There are some who suggest the fall was staged for the news......?


----------



## Sue Ellen (9 Jan 2010)

gipimann said:


> There are some who suggest the fall was staged for the news......?



If you listen carefully to that recording it is highly unlikely that it was staged considering the bang to his head.



RonanC said:


> please dont laugh
> 
> http://www.rte.ie/player/#v=1063767





RMCF said:


> Hard not to laugh.



I fell the other day in the middle of the road despite the appropriate footwear. Luckily enough no cars around because over the past few days have seen many a car unable to stop. Couldn't get up for a few minutes because of previous damage to back and was sore for a few days. So to anyone out there who considers laughing don't forget it could be your turn tomorrow


----------



## Complainer (9 Jan 2010)

I don't think it was staged, but I do reckon that they 'staked out' a likely spot (possibly having seen others fall there) until they got good footage. Footwear wasn't necessarily his problem, lots of runners have good ridged soles with good grip. He was just walking too fast for the conditions. His other problem was that he had one hand carrying the bag, which meant it wasn't available to give support or break his fall. It could have been quite serious if he had smacked his head on the wall or the ground.

I fell in Dublin city centre yesterday, despite walking quite carefully. It was treacherous around Trinity and Pearse St. As usual in our car centric society, pedestrians are an afterthought, and gritting of pavements was forgotten about for the first week.


----------



## MandaC (9 Jan 2010)

He was walking a bit fast allright.

Maybe I am just getting old, but I did not see anything funny in that poor lad smashing his head off the pavement.  Did you not hear the bang?  Poor thing.  He was lucky. Could have been a lot worse for him.


----------



## Teatime (9 Jan 2010)

papervalue said:


> no matter what footwear you had on this week, anyone could have slipped.


 
Yeah you'll slip in any shoes/boots - unless you're wearing crampons perhaps!
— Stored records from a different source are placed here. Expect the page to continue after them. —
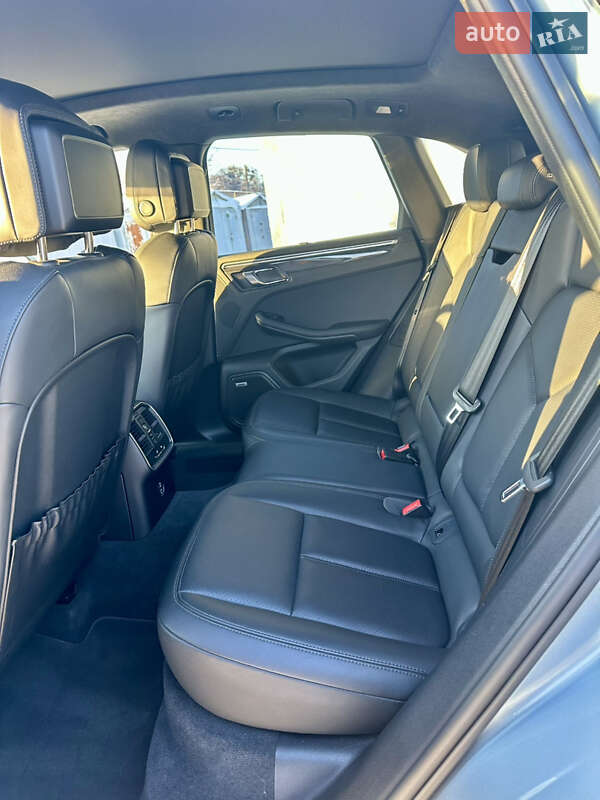 Внедорожник / Кроссовер Porsche Macan 2022 в Киеве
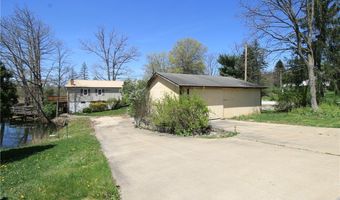 745 McRoberts Ave, Aurora, OH 44202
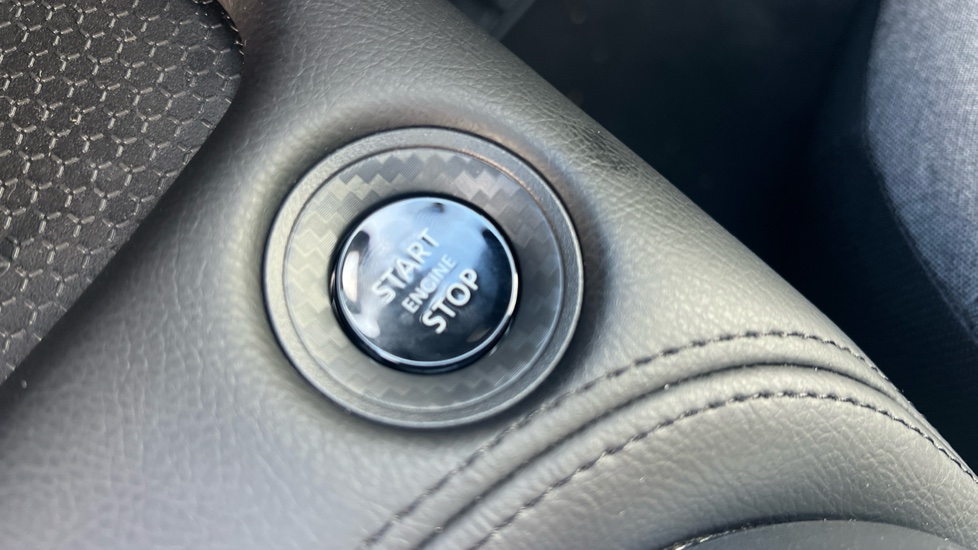 Nissan Juke 1.0 DiG-T N-Connecta 5dr Petrol Hatchback - Image 27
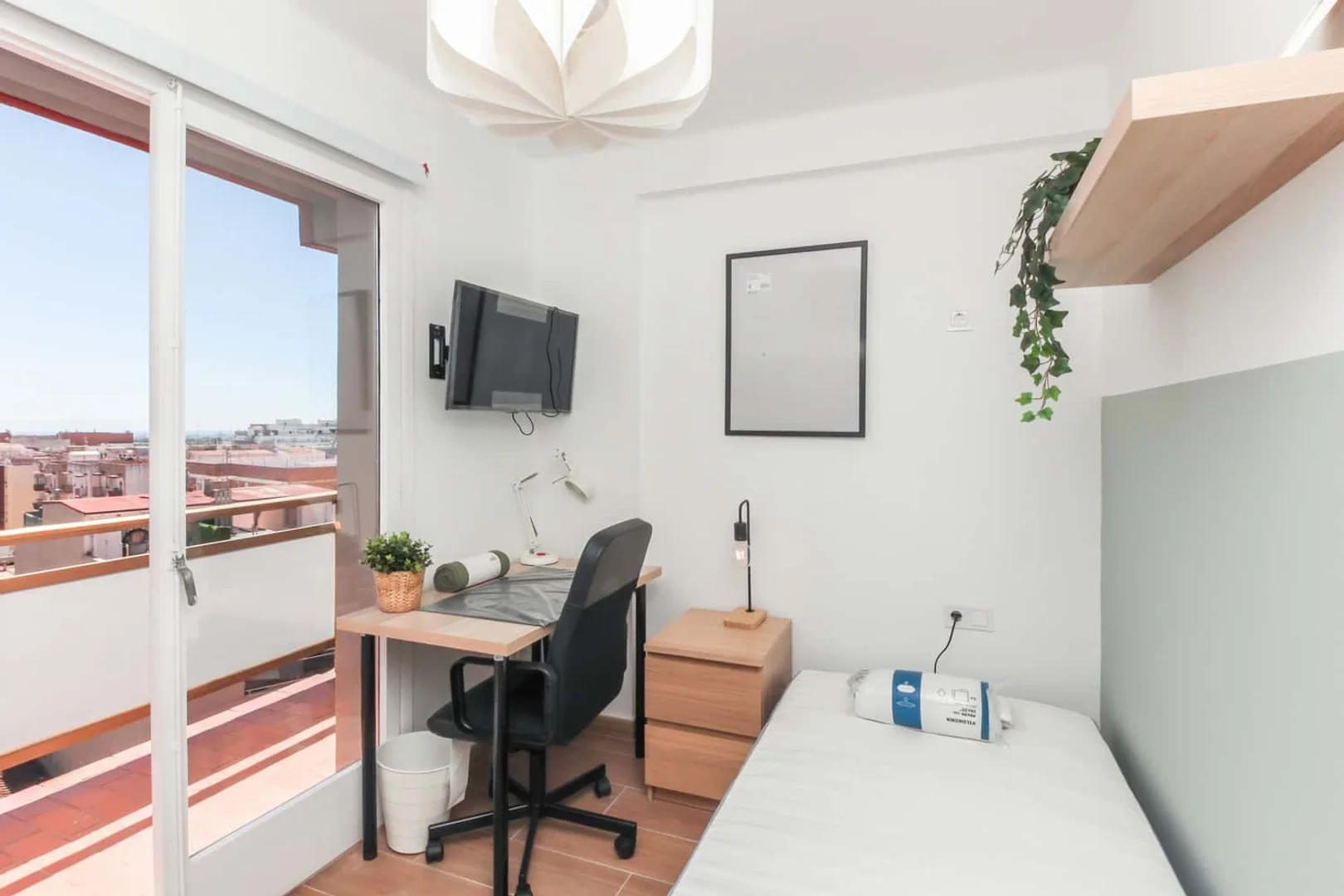 Habitación estudiantil económica cerca del campus en 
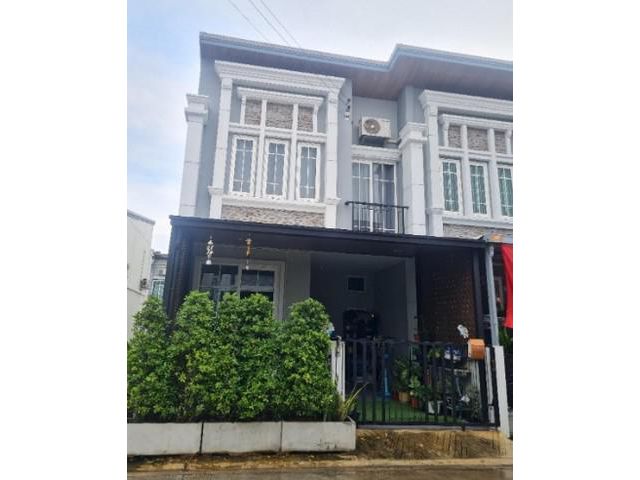 ขายทาวน์โฮม2ชั้น โกลเด้นท์ทาวน์สุขุมวิท ลาซาล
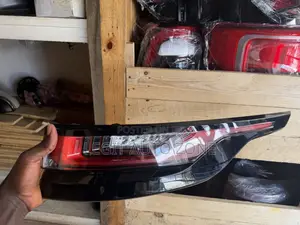 Range Rover Velar 2022,2019,2021,2020,2018, Taillight Available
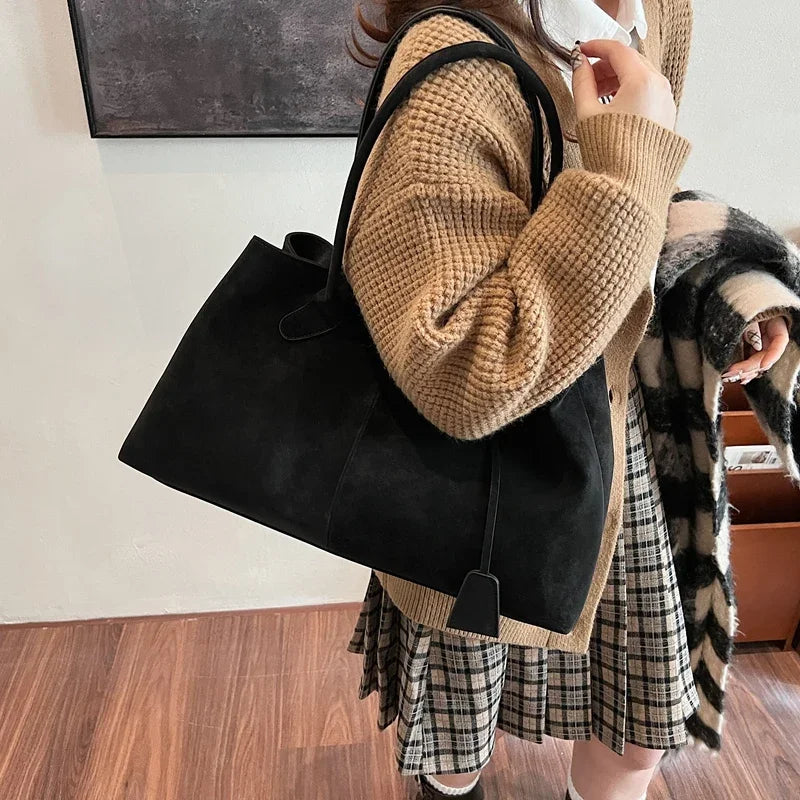 Bolsa Feminina de Camurça Safira SF297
Some of the footpaths are deadly.


----------



## lou2 (10 Jan 2010)

Ah Lads...how can anyone think that was funny. The fella smacked his head off the pavement...where's the comedy in that? I'm no prude but seriously??? I watched that on the news yesterday evening and I kept thinking bout that poor guy all evening!! Glad to know he wasn't injured!


----------



## Brendan Burgess (10 Jan 2010)

Sue Ellen said:


> If you listen carefully to that recording it is highly unlikely that it was staged considering the bang to his head.



Hi Sue Ellen

Probably a stunt man with sound effects.


----------



## liaconn (10 Jan 2010)

Even if he didn't hurt himself (thankfully) imagine the mortification of having that go out on the news. That would be nearly as bad as a sprained ankle or cut knees.
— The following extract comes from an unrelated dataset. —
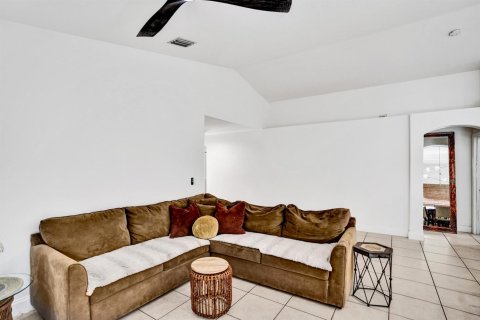 House in Lake Worth, Florida 3 bedrooms, 177.35 sq.m. № 2261746 - photo 16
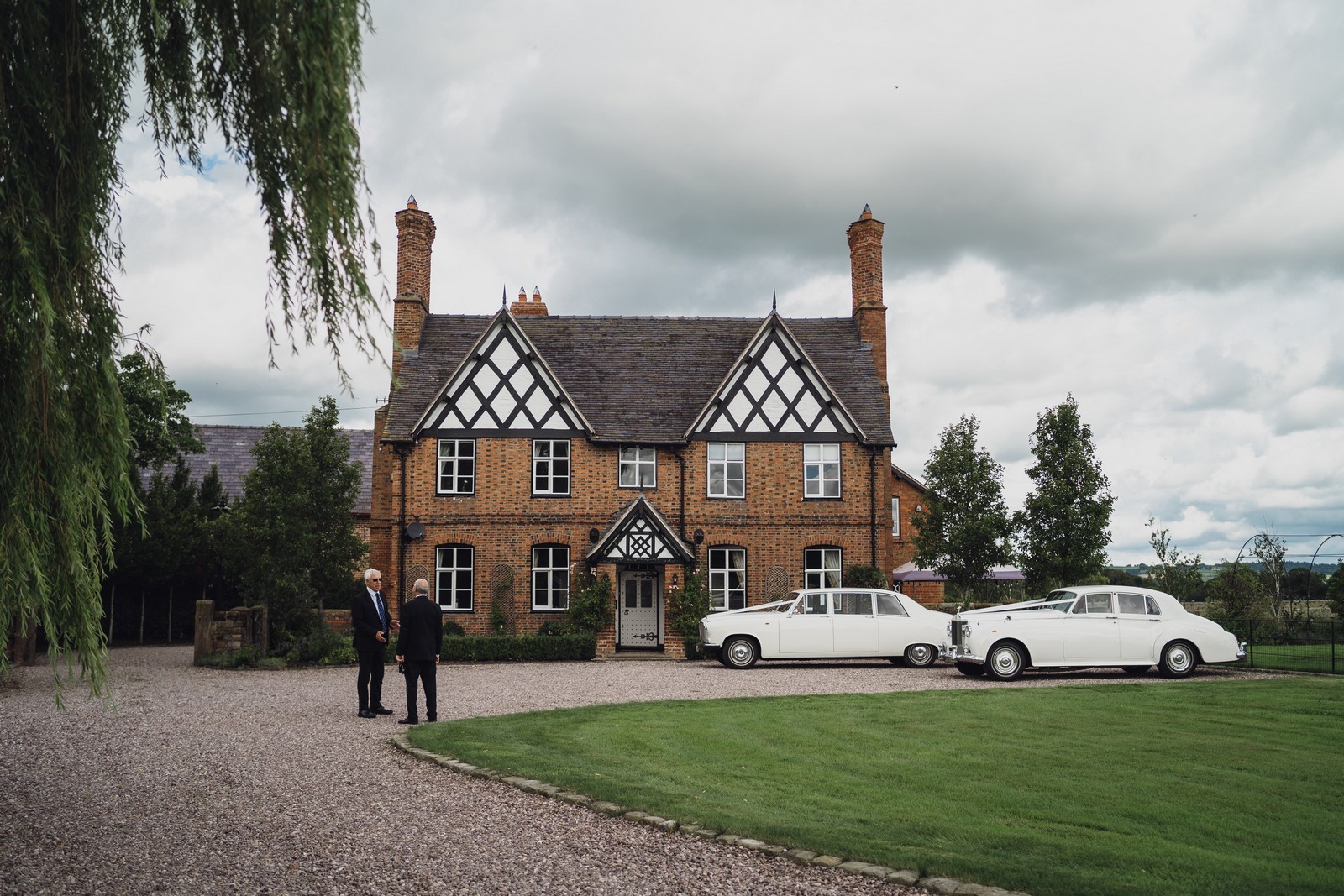 cheshire wedding photographer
I've seen some girls around town in absolutely mad footwear for this weather. High heels, pumps, canvas sneakers.


----------



## haminka1 (10 Jan 2010)

well, this guy had sneakers on and was walking like his backside was on fire ... no wonder he slipped and fell, i just hoped he did not break his arm when i saw it in the news because he fell rather hard on it ..
saw a girl in thin pumps yesterday, how utterly idiotic is that! these shoes /if you can call them that/ have the flattest and smoothest sole possible ..
actually, i hardly ever saw proper winter footwear in Ireland, you can get some decent winter shoes in outdoor shops but that's it ... even most boots you can get here have a very smooth and hard sole ...


----------



## Sue Ellen (10 Jan 2010)

Brendan said:


> Hi Sue Ellen
> 
> Probably a stunt man with sound effects.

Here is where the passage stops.